Dimanche, Candy, Eman, Raya, des amis recalés à l’entrée et d’autres membres du staff de Fluogram (32 personnes ce soir-là) se sont retrouvés chez Candy et Eman pour mettre au propre ce qu’il s’est passé. Raya quitte l’appartement avec un ami, descend la rue Oberkampf… Et là, depuis l’intérieur d’un kebab, un homme tambourine à la fenêtre. Il s’agit du chef de la sécu de Nuba. Il leur aurait crié « tu sais, Paris, c’est petit ! », l’air menaçant.

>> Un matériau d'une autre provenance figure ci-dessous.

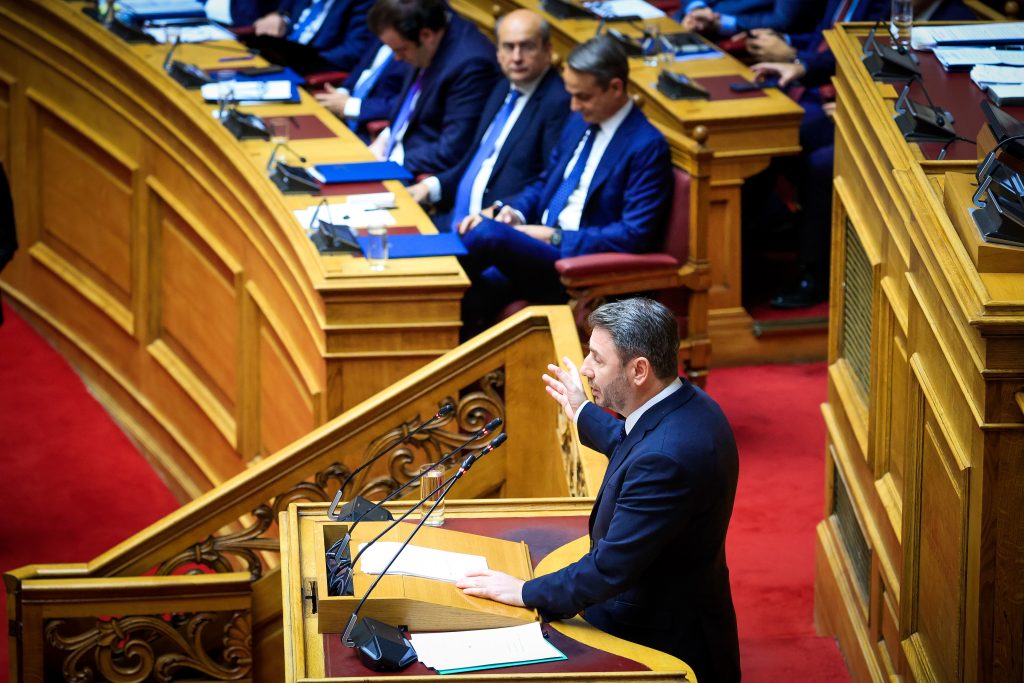 Μητσοτάκης και Ανδρουλάκης στο τεντωμένο σκοινί της συναίνεσης και της σύγκρουσης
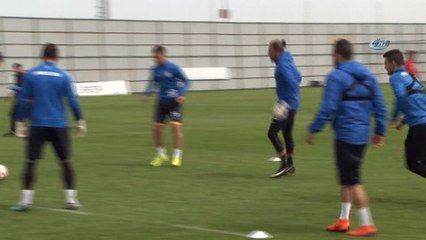 İbrahim Üzülmez: “Aslanlar gibi mücadele edip Rizespor’u hedefine ulaştıracağız”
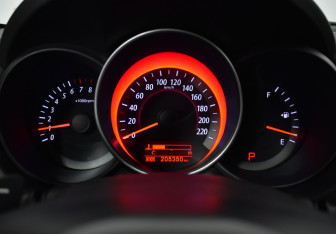 Подержанный автомобиль Kia Cerato Coupe 2011 года (11 фото)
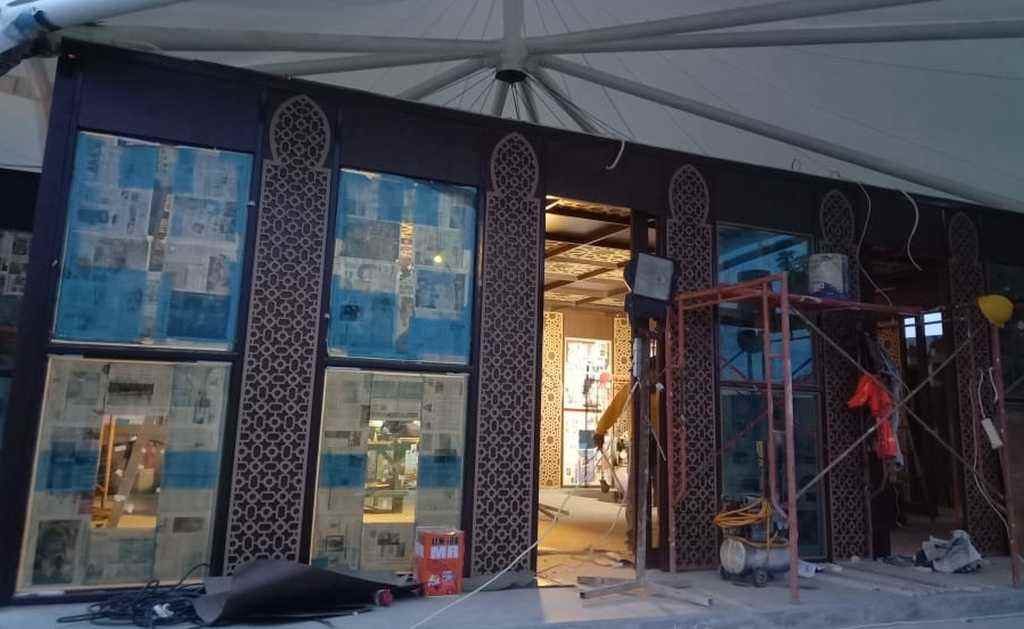 pengaplikasian pemasangan ornamen dinding #786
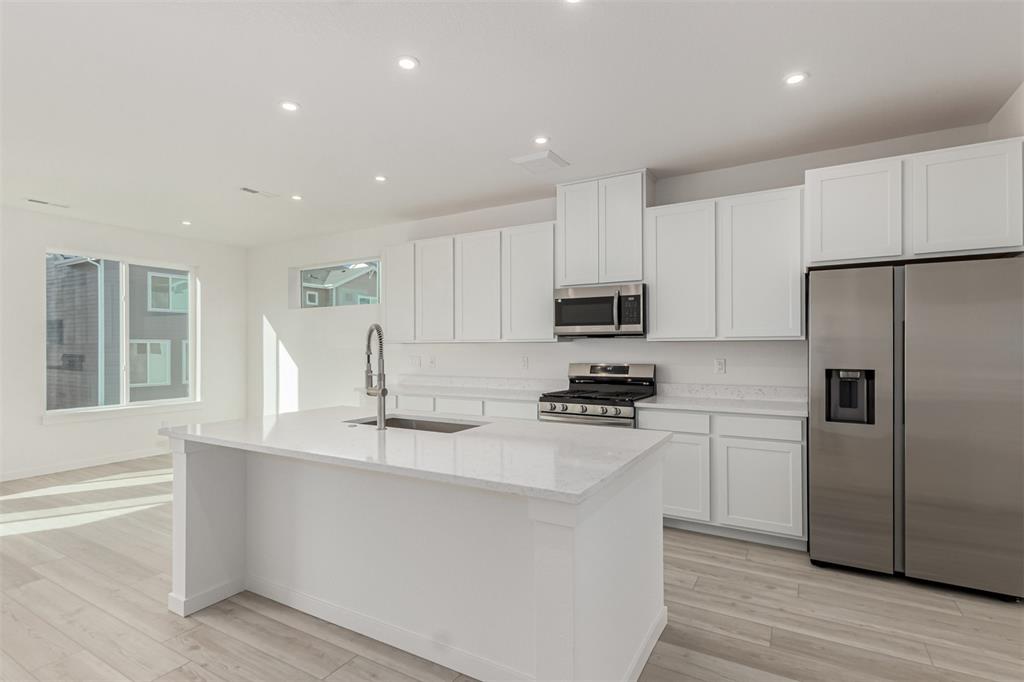 Image 13 of 36: Kitchen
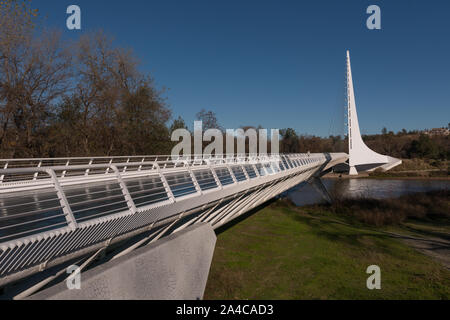 Die Sundial Bridge, die den Sacramento River im Turtle Bay Kreuze im Herzen von Redding, Kalifornien Stockfoto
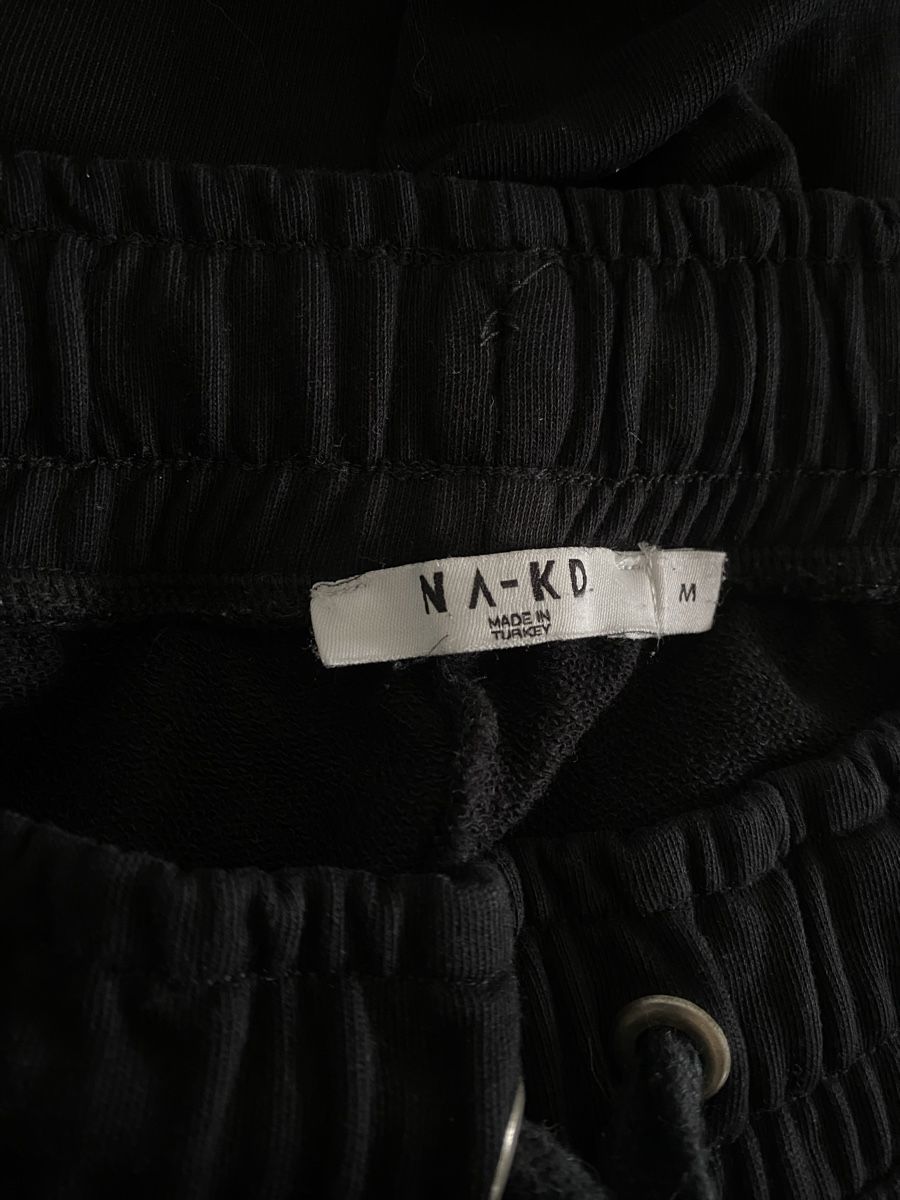 Na-kd Pantaloni: Na-kd Trainerhose – Usato da Lützelflüh-Goldb venduto da flu_q9tg 2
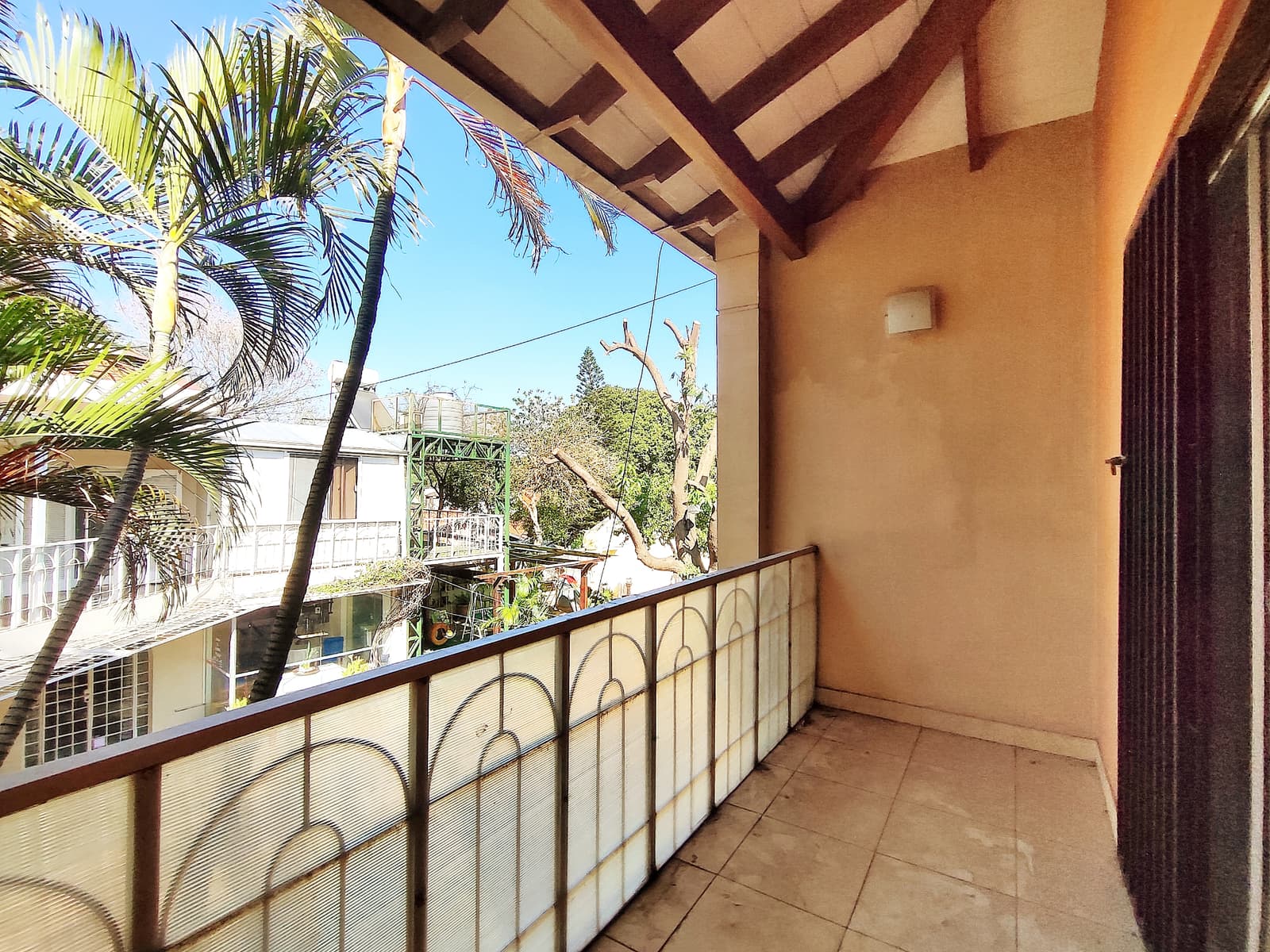 Casa en Avenida José Felix Bogado & Monseñor Juan Moleón Andreu - foto 2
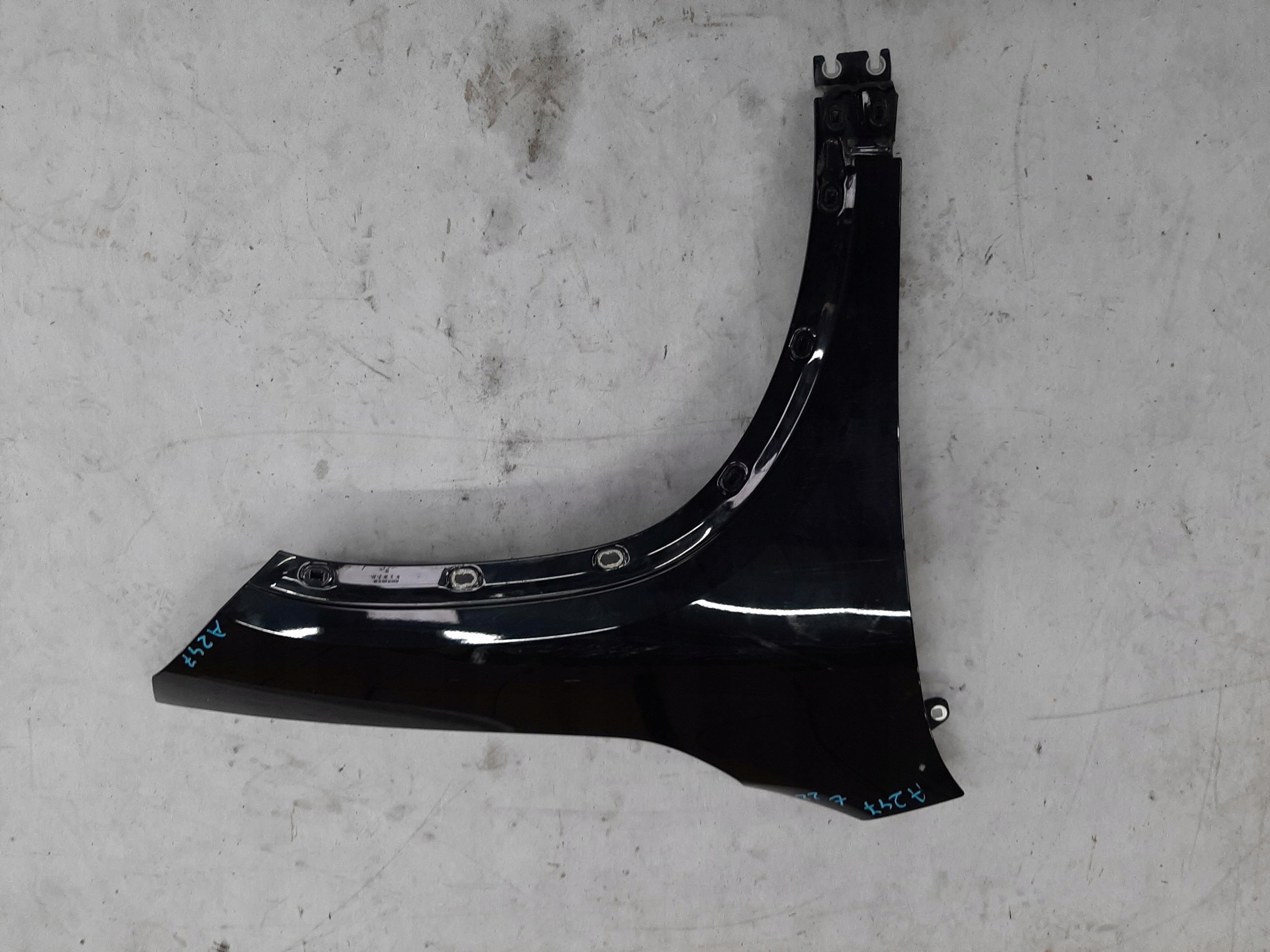 MERCEDES-BENZ B-CLASS W177 BŁOTNIK POSZYCIE PRAWY PRZÓD PRZEDNI A2478801200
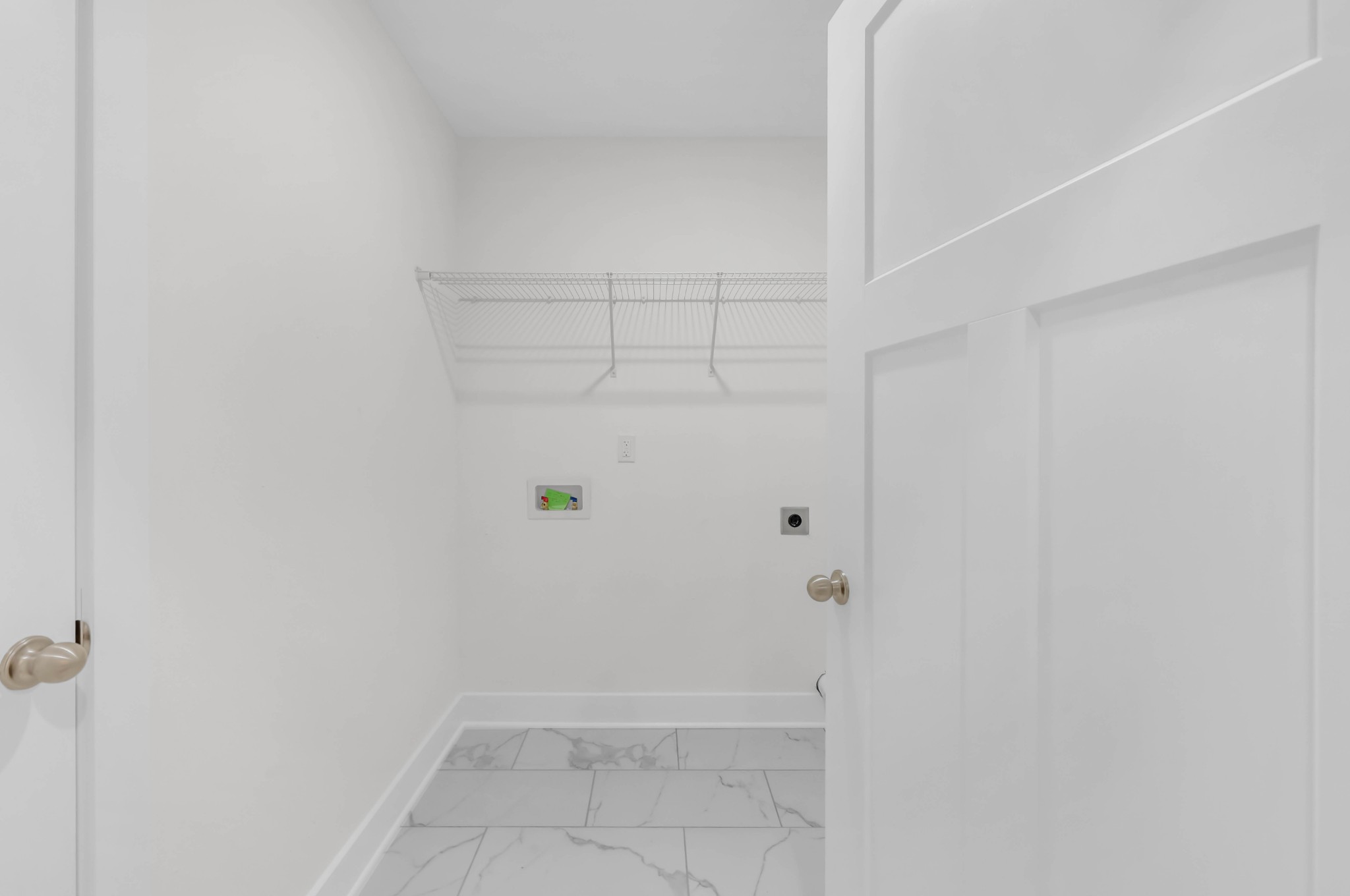 321 Cardinal Creek Property Photo 8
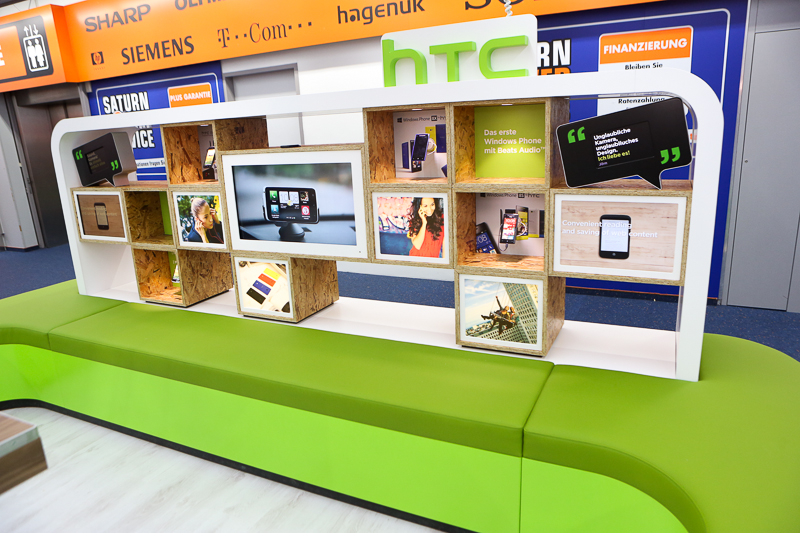 20121123_htc_shop_in_shop_03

Paul-David Bensemoun, le gérant du Nuba joint par téléphone, est « écoeuré » par cette polémique. « Il y a eu un incident, on ne peut pas le nier », raconte-t-il, avouant ne pas en avoir dormi de la nuit. « On dirait un coup monté contre le Nuba. Il suffit qu’un membre d’une communauté se sente agressé pour que toute la communauté se ligue et exagère. Nous ne sommes pas homophobes ou racistes : plusieurs membres du staff sont homosexuels, noirs, arabes… Peu importe ! ». Il poursuit : « Je me suis excusé auprès de l’organisatrice, sur Facebook, et j’ai viré les agents qui ont posé problème. J’ai même déchiré le tee-shirt d’un agent ce soir-là pour le calmer. « La porte », c’est un métier difficile, certes. Mais je leur dis souvent qu’ils sont payés pour être insultés, il faut qu’ils gardent leur calme. Certains membres de l’équipe n’arrivent plus à maîtriser leurs nerfs et font n’importe quoi. Les vigiles impliqués dans les incidents de vendredi ne remettront plus les pieds au Nuba dès que leur préavis de licenciement sera terminé – quant au chef de la sécurité, il a déjà été licencié pour des faits antérieurs, mais son préavis n’était pas terminé vendredi dernier ». Les organisateurs de Fluogram ont quant à eux contacté SOS Racisme et SOS Homophobie.